The group also determined to identify who the "players" were in the project scenario and how to contact them for information or to relay the town's concerns.

That done, at their meeting of Sept. 2, group members worked on identifying specific objectives to be addressed in anticipation of making recommendations to selectmen.

Narrowing down their choices, Group members decided that:

* Mitigation efforts relating to the adverse impact the pipeline project would have in Groton needed to be explored including taxing the pipeline, restoring disturbed landscapes, or making up for such disturbances in protected areas by having Kinder-Morgan donate other pieces of open land to the town.

* Educating the public on pipeline issues including potential benefits to the town and correcting misconceptions.

* Ways needed to be found to compel responsible officials to review local energy needs so as to be better informed about the need for such large projects as the Kinder-Morgan pipeline.

* Formulate an overall strategy to address the pipeline issue as it relates to Groton and make recommendations to the Board of Selectmen.

Following identification of objectives, Working Group members assigned themselves to begin work researching selected objectives and to report back to the committee with their findings at a later meeting.

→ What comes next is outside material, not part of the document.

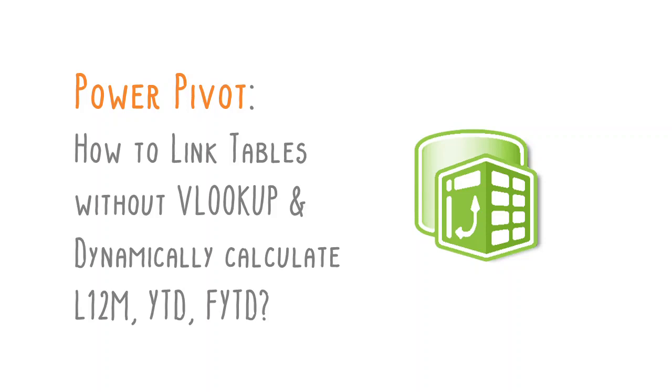This video shows you how to use Excel's PowerPivot data model to link tables without VLOOKUP so you can dynamically calculate last 12 months, year-to-date, and financial year-to-date totals with DAX.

Meanwhile, some hard information of the kind the Group would be examining in their researches came from principal assessor Rena Swezey who reported that concerns that the pipeline would endanger property values was unfounded.

After speaking with officials in Carlisle, said Swezey, she discovered that not only does a gas pipeline running through the town have no effect on property values, but that no one there even gives the pipeline a second thought.

Swezey said that in buying and selling homes in the area, the presence of a gas pipeline nearby never even comes up with property values based as is common practice on the average of home sales in a given area.

In an anecdotal aside, Working Group member Jack Petropoulos, recounting his personal experience of selling a home in Hopkinton, recalled that prospective buyers might use the presence of a gas pipeline as an excuse to try and talk the price down but even if the ploy worked, the markdown was not significant.

The presence of a gas pipeline, concluded Swezey, had "no effect" on property values.

Also noted by Swezey was the fact that should a pipeline come through town, Groton would be in line to profit from its presence. 

According to the Department of Revenue, the pipeline would be taxed by the linear foot with a total collection of an estimated $87,000 for Groton.